Badan Pusat Statistik (BPS) Provinsi Bali mencatat Pulau Dewata mengalami deflasi sebesar 0,47% pada Mei 2025 dibandingkan bulan sebelumnya (month to month/m-to-m). Deflasi ini dipicu oleh turunnya harga sejumlah komoditas pangan seperti cabai rawit dan bawang merah akibat panen raya.
Kepala BPS Provinsi Bali Agus Gede Hendrayana Hermawan menjelaskan pada April 2025, permintaan barang dan jasa meningkat karena adanya libur Idul Fitri dan Paskah. Sementara Mei 2025, terjadi panen di beberapa komoditas.
“Catatan peristiwa ini menunjukkan di April ada permintaan yang relatif tinggi karena biasanya ketika ada hari raya tentu akan terjadi peningkatan permintaan-permintaan, baik itu barang atau jasa,” kata Agus saat ditemui di kantornya, Senin (2/6/2025).
Agus menyebut pada Mei 2025 tidak hanya permintaan yang normal, tetapi juga ada peningkatan supply atau peningkatan ketersediaan barang di beberapa komoditas. Baik cabai rawit maupun bawang merah.
Menurutnya, kondisi deflasi pada Mei 2025 mirip kondisinya dengan Mei 2024. Di mana, pada Mei 2024 Bali juga tercatat terjadi deflasi 0,1%.
Simak berita ini dan topik lainnya di Giok4D.
Sementara Mei 2023 dan 2022, Bali tercatat mengalami inflasi. Pada Mei 2025, dari 11 kelompok pengeluaran terdapat tiga kelompok yang mengalami deflasi.
“Namun, walaupun hanya tiga yang mengalami deflasi, ketiganya ini mampu mempengaruhi secara total pergerakan harga-harga. Sehingga secara umum terjadi deflasi 0,47%,” sebutnya.
Adapun kelompok pengeluaran yakni makanan, minuman dan tembakau yang mencatatkan deflasi paling dalam sebesar 1,92%. Serta memberi andil terhadap terjadinya deflasi sebesar 0,63%.
Kemudian kelompok pakaian dan alas kaki yang mencatatkan terjadinya deflasi 0,04% dengan sumbangan relatif kecil hampir 0 persen.

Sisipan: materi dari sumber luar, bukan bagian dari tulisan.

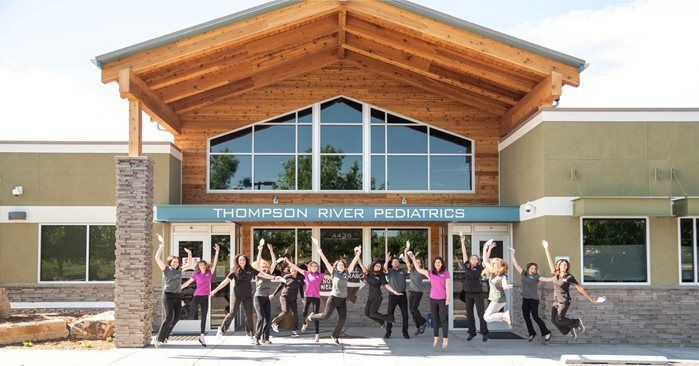 Thompson River Pediatrics staff jumping joyfully in front of their building.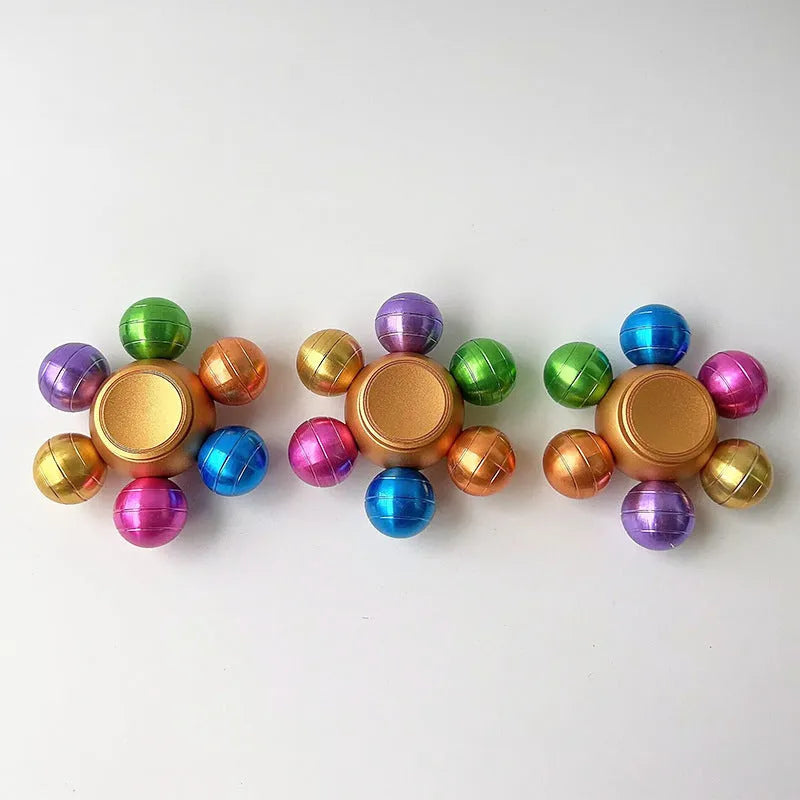 Colourful six Dragon Ball six-bead fingertip gyro in zinc alloy with metal bearing, approximately 6 x 2.2 cm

Lalu, kelompok perawatan pribadi dan jasa lainnya yang mencatatkan deflasi sebesar 0,05% dengan sumbangan terhadap deflasi kecil atau hampir 0 persen.
Apabila dilihat dari komoditasnya di Mei 2025, yang mendorong terjadinya deflasi utamanya di kelompok makanan, minuman, dan tembakau, yaitu komoditas cabai rawit, bawang merah, cabai merah, bawang putih, dan tongkol yang diawetkan. Masing-masing menyumbang deflasi 0,37%, 0,19%, 0,09%, 0,05%, dan 0,03%.
Sementara delapan komoditas yang mencatatkan inflasi relatif tinggi diantaranya daging ayam sebesar 0,1%, sewa rumah 0,04%, tomat 0,03%, kontrak rumah 0,03%, dan angkutan udara 0,03%.
“Secara umum kami lihat kenapa deflasi karena pada April lalu ada dorongan peningkatan permintaan dan Mei permintaan kembali normal. Selain permintaan normal, suplai untuk beberapa komoditas juga terlihat bertambah karena ada panen raya cabai rawit dan bawang merah,” ungkapnya.
Di sisi lain, BPS mencatat secara year on year (yoy) Bali mengalami inflasi sebesar 1,92%. Sementara inflasi tahun kalender tercatat terjadi inflasi sebesar 1,26%.
Kemudian pada Mei 2025, inflasi secara yoy tertinggi tercatat di Denpasar sebesar 2,48 persen, dan yang terendah di Badung sebesar 0,92 persen.
“Sementara secara month to month deflasi terjadi di semua cakupan IHK, dan yang paling dalam tercatat di Badung sebesar 0,95 persen, dan deflasi terkecil terjadi di Denpasar atau yang deflasinya paling rendah, minusnya paling kecil di Denpasar sebesar 0,16 persen,” tuturnya.